What needs to be done: Repeat exactly the line that contains "this 616×292 image." and every line after it, down to the last line of the entries below. Do not include pictures.

Stored data entries:
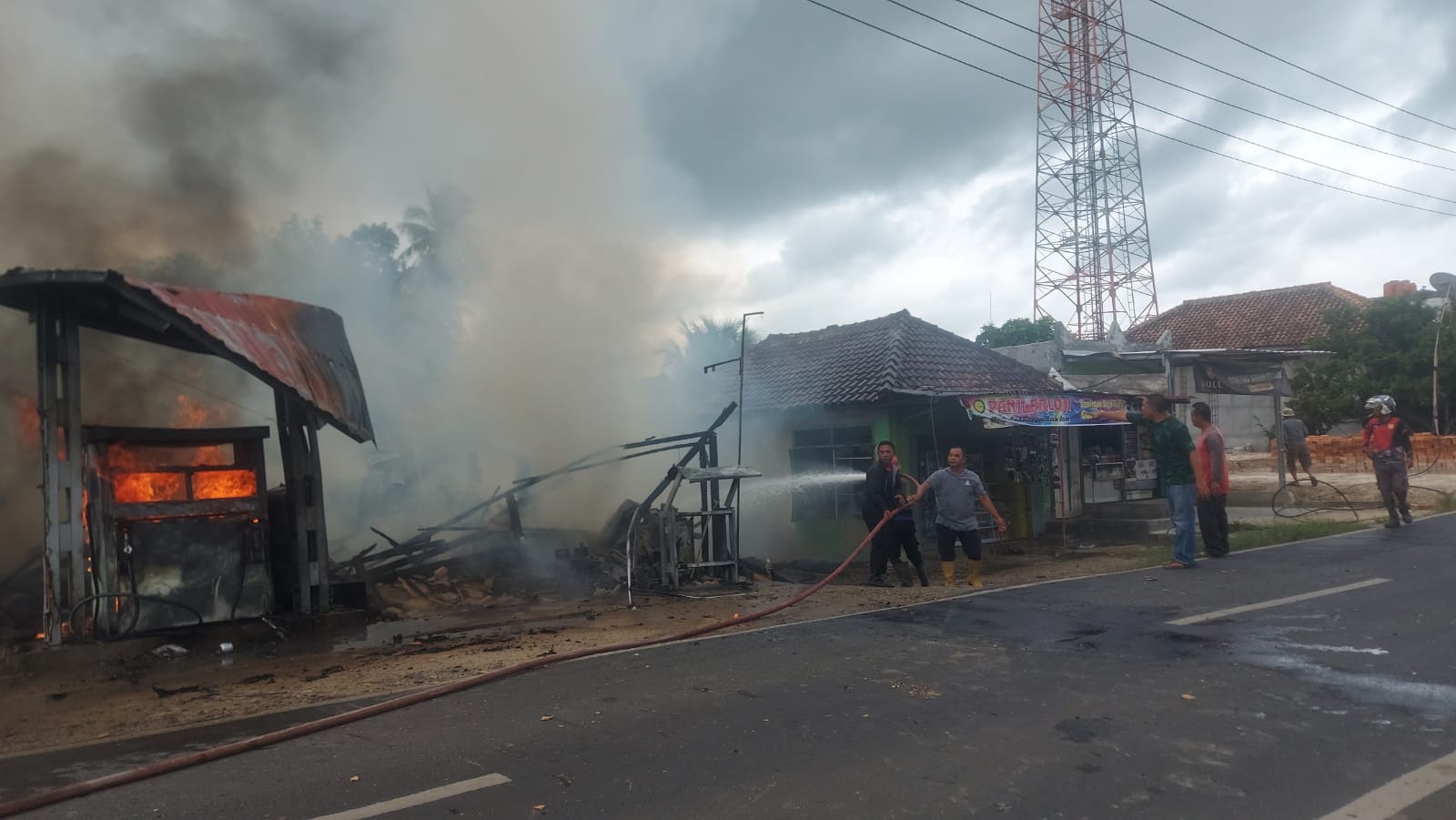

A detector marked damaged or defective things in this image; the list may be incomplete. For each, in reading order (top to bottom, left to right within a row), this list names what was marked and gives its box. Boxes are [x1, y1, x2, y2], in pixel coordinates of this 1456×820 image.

rusty corrugated metal roof [0, 269, 372, 442]
burnt wooden post [35, 299, 83, 643]
burnt wooden post [273, 393, 330, 612]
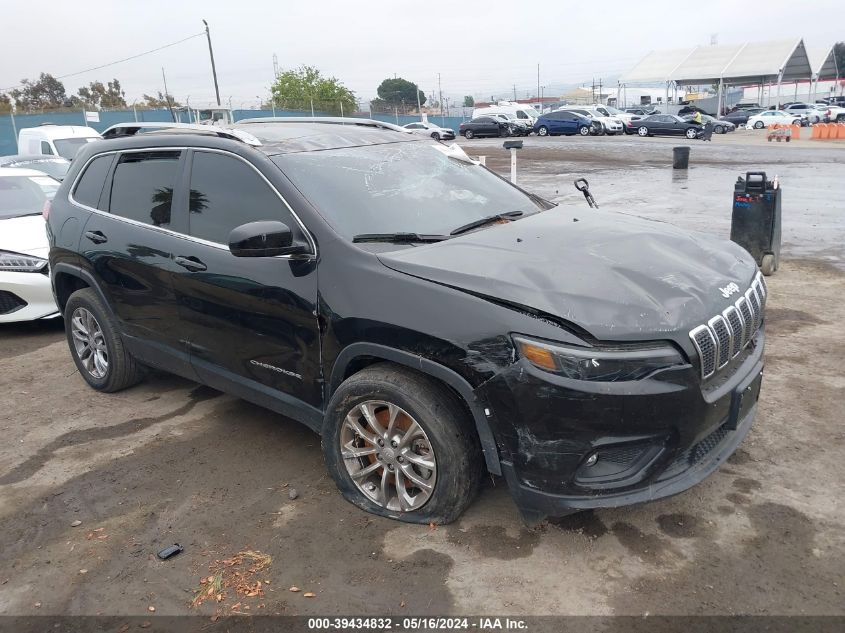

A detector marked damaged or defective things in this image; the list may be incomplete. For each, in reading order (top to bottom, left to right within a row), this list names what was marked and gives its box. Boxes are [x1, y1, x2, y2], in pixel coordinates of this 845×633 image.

dented hood [380, 209, 756, 340]
damaged front bumper [478, 326, 760, 520]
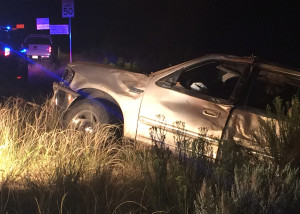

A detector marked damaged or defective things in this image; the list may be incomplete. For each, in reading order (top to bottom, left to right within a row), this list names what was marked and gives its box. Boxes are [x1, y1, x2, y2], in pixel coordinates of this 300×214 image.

wrecked silver car [52, 54, 300, 157]
shattered window [176, 60, 244, 100]
shattered window [245, 69, 298, 110]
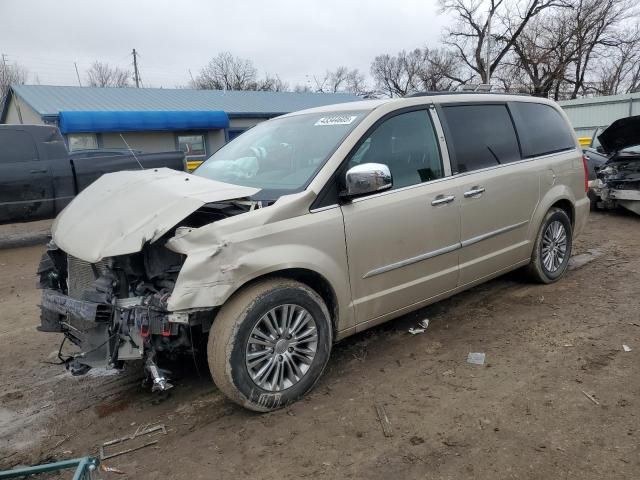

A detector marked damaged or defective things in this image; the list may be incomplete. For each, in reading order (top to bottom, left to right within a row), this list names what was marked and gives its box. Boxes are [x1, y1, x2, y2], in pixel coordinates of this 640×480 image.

crumpled hood [596, 115, 640, 153]
crumpled hood [52, 167, 258, 260]
damaged beige minivan [38, 94, 592, 412]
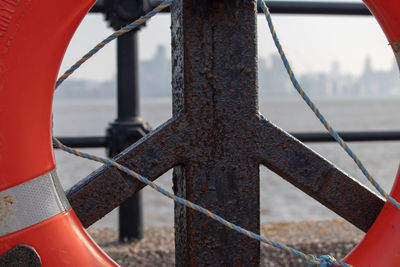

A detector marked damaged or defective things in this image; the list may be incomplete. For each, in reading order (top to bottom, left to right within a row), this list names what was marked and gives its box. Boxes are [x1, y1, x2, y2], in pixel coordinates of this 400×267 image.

rust texture on metal [0, 246, 41, 266]
rusty metal post [170, 0, 260, 266]
rusted metal cross brace [66, 0, 384, 266]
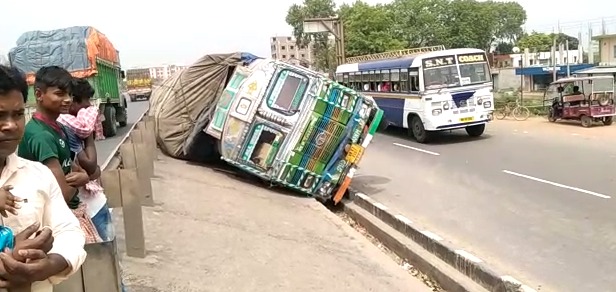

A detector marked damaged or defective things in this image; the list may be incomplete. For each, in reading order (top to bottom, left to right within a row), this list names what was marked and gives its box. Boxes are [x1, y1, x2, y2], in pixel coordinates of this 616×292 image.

overturned truck [148, 53, 380, 203]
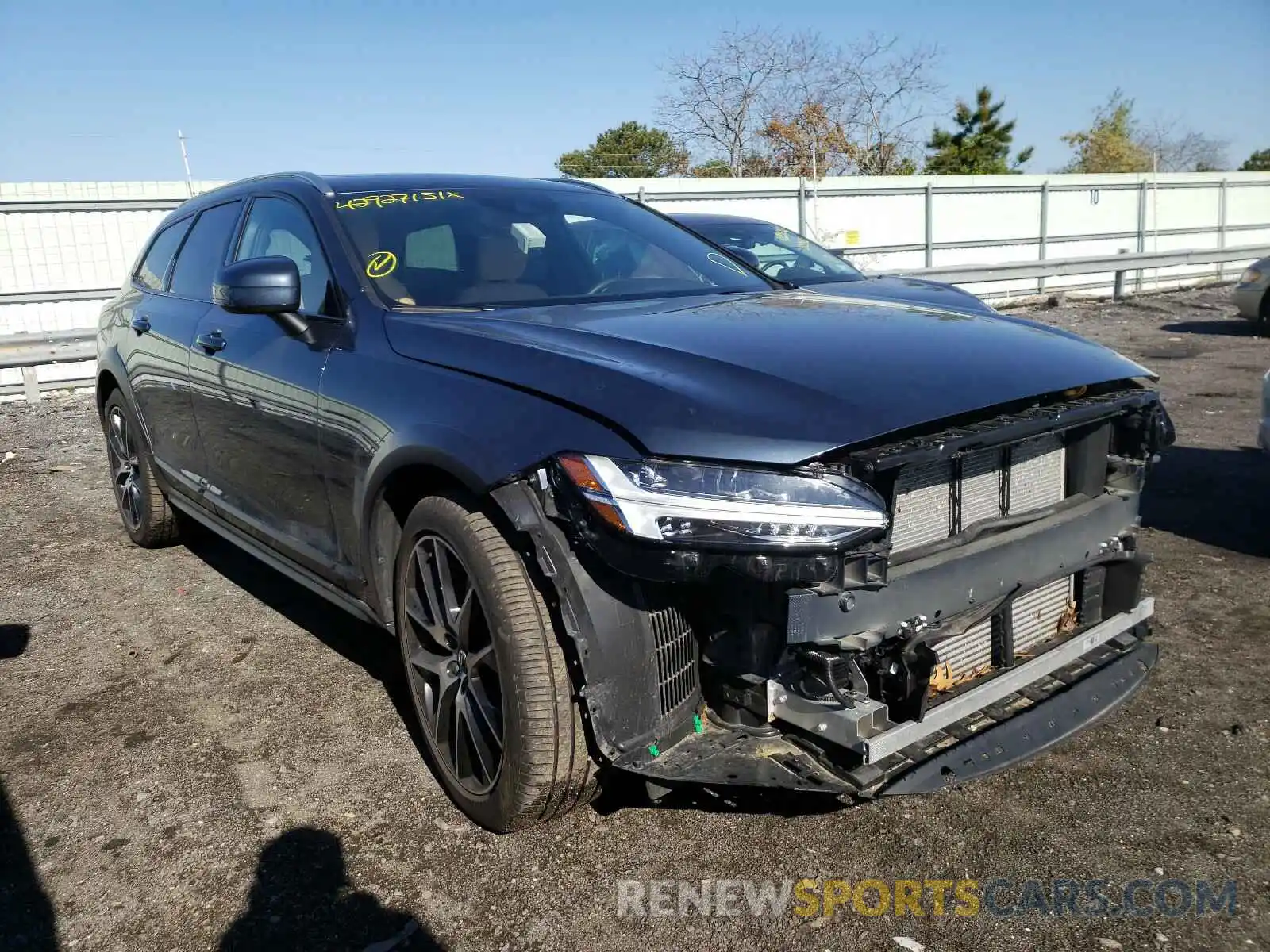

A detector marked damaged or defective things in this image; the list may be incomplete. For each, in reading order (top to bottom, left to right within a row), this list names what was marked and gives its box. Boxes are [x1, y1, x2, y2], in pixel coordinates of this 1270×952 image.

damaged dark blue station wagon [96, 175, 1168, 832]
car's front end damage [490, 381, 1173, 797]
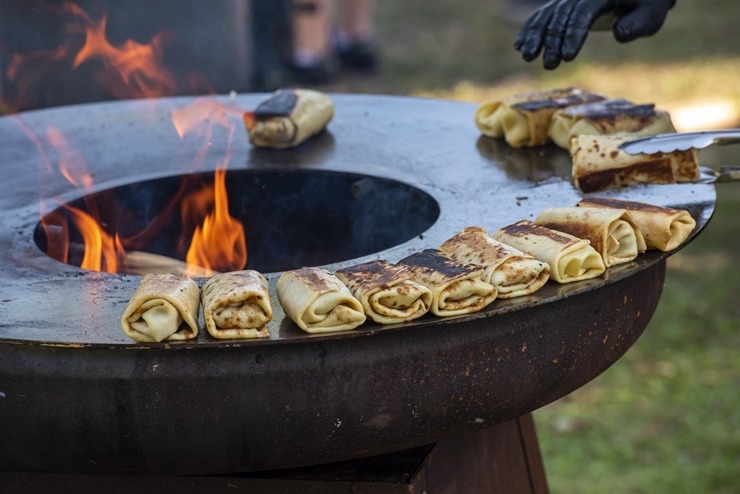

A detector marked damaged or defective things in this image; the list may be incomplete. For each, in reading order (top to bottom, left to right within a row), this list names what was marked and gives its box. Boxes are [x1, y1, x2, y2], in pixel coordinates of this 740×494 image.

burnt crepe [244, 89, 334, 148]
burnt crepe [474, 87, 608, 149]
burnt crepe [548, 97, 676, 149]
burnt crepe [568, 134, 696, 194]
burnt crepe [123, 272, 201, 342]
burnt crepe [199, 270, 272, 340]
burnt crepe [276, 268, 366, 334]
rusted metal bowl [0, 93, 716, 474]
burnt crepe [336, 258, 434, 324]
burnt crepe [396, 251, 494, 316]
burnt crepe [440, 227, 548, 300]
burnt crepe [492, 221, 608, 284]
burnt crepe [536, 206, 644, 266]
burnt crepe [576, 197, 696, 251]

Solution for this problem:
A detector marked damaged or defective things in this image; the list may be incomplete. For each, in reading order (top to bottom, left to right within a row), this list names what was marked and gives its box. Boxes are [x1, y1, x2, y2], in pixel coordinates of this 616×292 image.

overturned truck [148, 53, 380, 203]

A detector marked damaged or defective things in this image; the list may be incomplete. For each, in reading order (top to bottom, left to right within a row), this list names what was marked and gives its box. Boxes are [x1, y1, x2, y2], in pixel coordinates of this 1270×952 image.

damaged dark blue station wagon [96, 175, 1168, 832]
car's front end damage [490, 381, 1173, 797]

A detector marked damaged or defective things in this image; the list may be incomplete. For each, in reading order (top to bottom, left to right within a row), this list names what was marked and gives its box. Boxes are [x1, y1, x2, y2], in pixel coordinates of this 740×494 image.

burnt crepe [244, 89, 334, 148]
burnt crepe [474, 87, 608, 149]
burnt crepe [548, 97, 676, 149]
burnt crepe [568, 134, 696, 194]
burnt crepe [123, 272, 201, 342]
burnt crepe [199, 270, 272, 340]
burnt crepe [276, 268, 366, 334]
rusted metal bowl [0, 93, 716, 474]
burnt crepe [336, 258, 434, 324]
burnt crepe [396, 251, 494, 316]
burnt crepe [440, 227, 548, 300]
burnt crepe [492, 221, 608, 284]
burnt crepe [536, 206, 644, 266]
burnt crepe [576, 197, 696, 251]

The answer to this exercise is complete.